New housing benefit regulations, introduced on April 1, led to reductions in benefit payments to tenants assessed to be under-occupying their accommodation.
Under new “size criteria”, tenants with one spare bedroom have seen their benefit payments reduced by 14 per cent for one spare bedroom.
Councillor Keith Wakefield, leader of the council, said families were being punished under the policy.
He said: “The Government’s defence of its flawed bedroom tax policy in the High Court shows its uncaring attitude towards disabled people living in social housing on very low incomes.
“This policy particularly punishes families with vulnerable or disabled children. That is why I have such sympathy for those who have lost their case in court.
“I hope ministers will recognise just what an impact policies are having on families whose children cannot share a room because of their disabilities.
“These are families where, contrary to Government rules, children cannot share a room – that may be because a child is at risk of violence from a sibling, or because a child is suffering trauma as a result of domestic violence or abuse.”
Coun Wakefield added: “In Leeds, we are trying to do all we can to help vulnerable people despite cuts to our own budgets.”
A Department for Work and Pensions spokesman added: “Reform of housing benefit in the social sector is essential, so the taxpayer does not pay for people’s extra bedrooms.”
Campaigners welcomed court criticism that the Government has been aware since May last year that the law must be changed to provide for disabled children but failed to act early to make the necessary regulations.
Lord Justice Laws, sitting with Mr Justice Cranston, said the current state of affairs “cannot be allowed to continue”.
Lawyers acting for disabled people said the ruling meant that the Government must now act “very speedily” to show there should be “no reduction of housing benefit where an extra bedroom is required for children who are unable to share because of their disabilities”.
The legal teams said they would fight on after losing the main aim of their challenge - to block the controversial housing benefit regulations that came into force on April 1.
The new regulations involve reductions in benefit payments to tenants assessed to be under-occupying their accommodation.

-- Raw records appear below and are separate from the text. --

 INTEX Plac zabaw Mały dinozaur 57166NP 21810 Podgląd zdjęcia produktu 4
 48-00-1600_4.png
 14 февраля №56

Under new ‘’size criteria’’, tenants with one spare bedroom have had a payment reduction of 14% and those deemed to have two or more spare, a reduction of 25%.
Human rights lawyers say that, unless the families move from their homes into smaller properties, they face building up rent arrears and being forced out anyway.

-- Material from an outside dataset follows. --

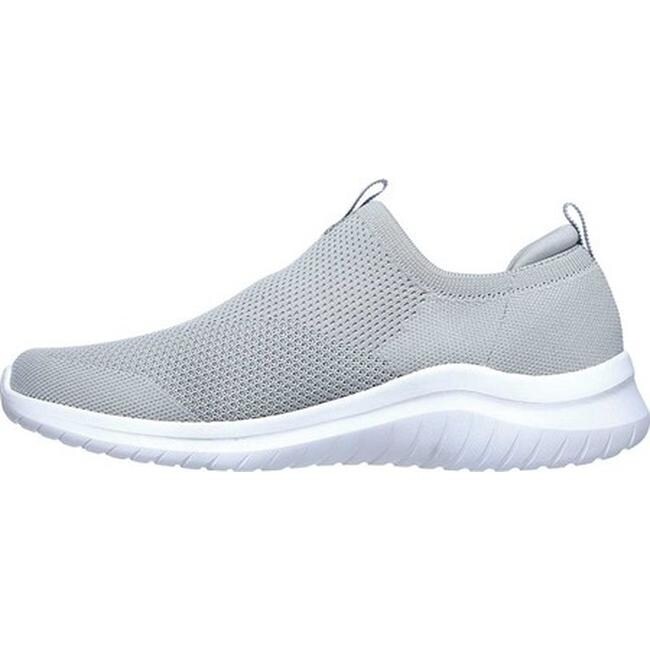 skechers ultra flex 2.0 mens 2019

Ten cases were brought before London’s High Court to illustrate the serious impact of the regulations on disabled people up and down the country.
Rebekah Carrier, solicitor with law firm Hopkin Murray Beskine, condemned the Government for causing confusion over its new regulations.
Ms Carrier said: “The Government’s position in relation to disabled children is incomprehensible. Fourteen months ago (in May 2012) the Court of Appeal held that the secretary of state was discriminating against disabled children who need to share a bedroom because of their disabilities, yet by February 2013 when these proceedings were issued no action had been taken.”